EXERCISE INSTRUCTIONS: Return all lines below containing the word "transmission".

◇ ◇ ◇ ◇

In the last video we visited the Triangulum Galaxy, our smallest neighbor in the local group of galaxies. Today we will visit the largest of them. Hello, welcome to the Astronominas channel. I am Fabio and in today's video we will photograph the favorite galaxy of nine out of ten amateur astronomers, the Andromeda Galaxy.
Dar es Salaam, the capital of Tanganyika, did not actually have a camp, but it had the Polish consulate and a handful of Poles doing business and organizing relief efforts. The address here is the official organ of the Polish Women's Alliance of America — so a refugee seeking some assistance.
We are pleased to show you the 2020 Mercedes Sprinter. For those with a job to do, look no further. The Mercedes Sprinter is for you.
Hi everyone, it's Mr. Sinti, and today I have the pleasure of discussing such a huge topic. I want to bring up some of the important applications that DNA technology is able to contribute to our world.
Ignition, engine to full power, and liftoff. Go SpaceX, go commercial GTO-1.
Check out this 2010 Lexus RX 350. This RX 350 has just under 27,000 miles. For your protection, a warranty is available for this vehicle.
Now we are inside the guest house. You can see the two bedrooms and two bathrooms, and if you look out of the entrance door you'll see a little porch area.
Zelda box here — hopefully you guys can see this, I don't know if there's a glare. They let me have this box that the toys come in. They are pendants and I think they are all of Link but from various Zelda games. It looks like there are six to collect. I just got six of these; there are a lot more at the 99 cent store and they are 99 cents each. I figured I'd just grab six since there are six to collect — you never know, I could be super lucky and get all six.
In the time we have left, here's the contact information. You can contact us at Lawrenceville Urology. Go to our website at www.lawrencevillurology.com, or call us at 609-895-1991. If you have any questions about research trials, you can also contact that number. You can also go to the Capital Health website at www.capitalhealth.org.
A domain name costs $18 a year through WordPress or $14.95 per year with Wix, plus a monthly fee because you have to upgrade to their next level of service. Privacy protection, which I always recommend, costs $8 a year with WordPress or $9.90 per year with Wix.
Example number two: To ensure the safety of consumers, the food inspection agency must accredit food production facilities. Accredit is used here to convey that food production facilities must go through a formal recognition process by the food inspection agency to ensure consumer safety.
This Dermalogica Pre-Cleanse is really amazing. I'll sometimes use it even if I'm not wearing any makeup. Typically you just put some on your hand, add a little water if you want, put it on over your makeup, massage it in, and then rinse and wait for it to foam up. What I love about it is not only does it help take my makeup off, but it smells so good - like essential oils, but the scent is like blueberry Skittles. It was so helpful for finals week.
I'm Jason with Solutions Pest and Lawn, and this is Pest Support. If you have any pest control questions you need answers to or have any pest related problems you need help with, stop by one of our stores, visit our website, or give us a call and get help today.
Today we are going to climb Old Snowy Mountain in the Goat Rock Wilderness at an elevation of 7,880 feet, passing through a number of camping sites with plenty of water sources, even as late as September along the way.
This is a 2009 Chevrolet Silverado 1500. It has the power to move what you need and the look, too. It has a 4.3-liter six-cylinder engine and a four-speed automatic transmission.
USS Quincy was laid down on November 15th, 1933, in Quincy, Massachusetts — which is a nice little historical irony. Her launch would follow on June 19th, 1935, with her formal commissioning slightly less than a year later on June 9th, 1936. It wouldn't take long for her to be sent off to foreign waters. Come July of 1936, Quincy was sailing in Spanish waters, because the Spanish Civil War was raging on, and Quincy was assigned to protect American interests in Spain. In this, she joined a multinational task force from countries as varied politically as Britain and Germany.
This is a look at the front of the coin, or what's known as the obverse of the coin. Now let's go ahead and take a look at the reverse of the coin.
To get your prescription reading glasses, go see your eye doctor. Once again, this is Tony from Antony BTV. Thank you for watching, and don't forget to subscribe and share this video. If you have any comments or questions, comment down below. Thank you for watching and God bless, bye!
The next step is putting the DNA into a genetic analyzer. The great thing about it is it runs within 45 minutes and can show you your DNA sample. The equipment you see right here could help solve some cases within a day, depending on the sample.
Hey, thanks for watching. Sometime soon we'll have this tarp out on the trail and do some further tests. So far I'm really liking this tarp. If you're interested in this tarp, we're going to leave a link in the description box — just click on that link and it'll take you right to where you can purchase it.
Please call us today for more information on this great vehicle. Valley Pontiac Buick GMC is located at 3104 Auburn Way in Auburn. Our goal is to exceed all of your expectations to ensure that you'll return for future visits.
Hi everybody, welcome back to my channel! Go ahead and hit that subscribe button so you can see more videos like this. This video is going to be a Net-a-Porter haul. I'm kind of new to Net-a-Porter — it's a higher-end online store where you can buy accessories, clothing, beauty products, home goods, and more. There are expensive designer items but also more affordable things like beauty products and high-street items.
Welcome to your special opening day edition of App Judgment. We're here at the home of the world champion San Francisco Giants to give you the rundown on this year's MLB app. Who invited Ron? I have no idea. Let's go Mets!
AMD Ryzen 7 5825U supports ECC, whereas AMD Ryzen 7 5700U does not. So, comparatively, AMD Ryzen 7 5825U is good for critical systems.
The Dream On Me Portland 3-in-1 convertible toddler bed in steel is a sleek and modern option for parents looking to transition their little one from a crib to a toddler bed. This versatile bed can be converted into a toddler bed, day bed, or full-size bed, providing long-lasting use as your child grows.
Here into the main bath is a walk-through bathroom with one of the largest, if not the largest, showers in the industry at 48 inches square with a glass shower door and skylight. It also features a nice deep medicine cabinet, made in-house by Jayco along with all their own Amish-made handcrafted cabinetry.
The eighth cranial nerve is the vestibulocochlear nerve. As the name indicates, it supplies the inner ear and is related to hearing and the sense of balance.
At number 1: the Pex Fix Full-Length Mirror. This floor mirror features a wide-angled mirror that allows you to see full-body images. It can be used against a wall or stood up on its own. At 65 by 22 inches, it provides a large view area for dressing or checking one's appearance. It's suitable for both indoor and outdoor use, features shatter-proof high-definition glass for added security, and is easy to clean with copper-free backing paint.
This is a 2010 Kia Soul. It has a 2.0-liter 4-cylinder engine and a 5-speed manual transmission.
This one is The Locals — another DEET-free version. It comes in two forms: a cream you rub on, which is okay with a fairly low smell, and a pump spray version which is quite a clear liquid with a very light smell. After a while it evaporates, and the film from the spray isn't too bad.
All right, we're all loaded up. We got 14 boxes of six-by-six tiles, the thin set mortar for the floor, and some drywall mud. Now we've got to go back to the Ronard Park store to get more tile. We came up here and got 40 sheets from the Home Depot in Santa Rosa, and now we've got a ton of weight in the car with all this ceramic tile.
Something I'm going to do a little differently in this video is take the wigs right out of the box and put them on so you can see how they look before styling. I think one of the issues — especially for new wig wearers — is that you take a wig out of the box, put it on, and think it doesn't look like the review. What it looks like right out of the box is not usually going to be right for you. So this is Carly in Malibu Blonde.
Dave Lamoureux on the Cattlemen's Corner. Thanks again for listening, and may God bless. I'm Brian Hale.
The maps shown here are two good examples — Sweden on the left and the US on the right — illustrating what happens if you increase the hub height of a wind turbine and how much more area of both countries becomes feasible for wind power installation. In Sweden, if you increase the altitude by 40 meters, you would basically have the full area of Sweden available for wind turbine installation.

◇ ◇ ◇ ◇

ANSWER FOR THIS EXERCISE:
This is a 2009 Chevrolet Silverado 1500. It has the power to move what you need and the look, too. It has a 4.3-liter six-cylinder engine and a four-speed automatic transmission.
This is a 2010 Kia Soul. It has a 2.0-liter 4-cylinder engine and a 5-speed manual transmission.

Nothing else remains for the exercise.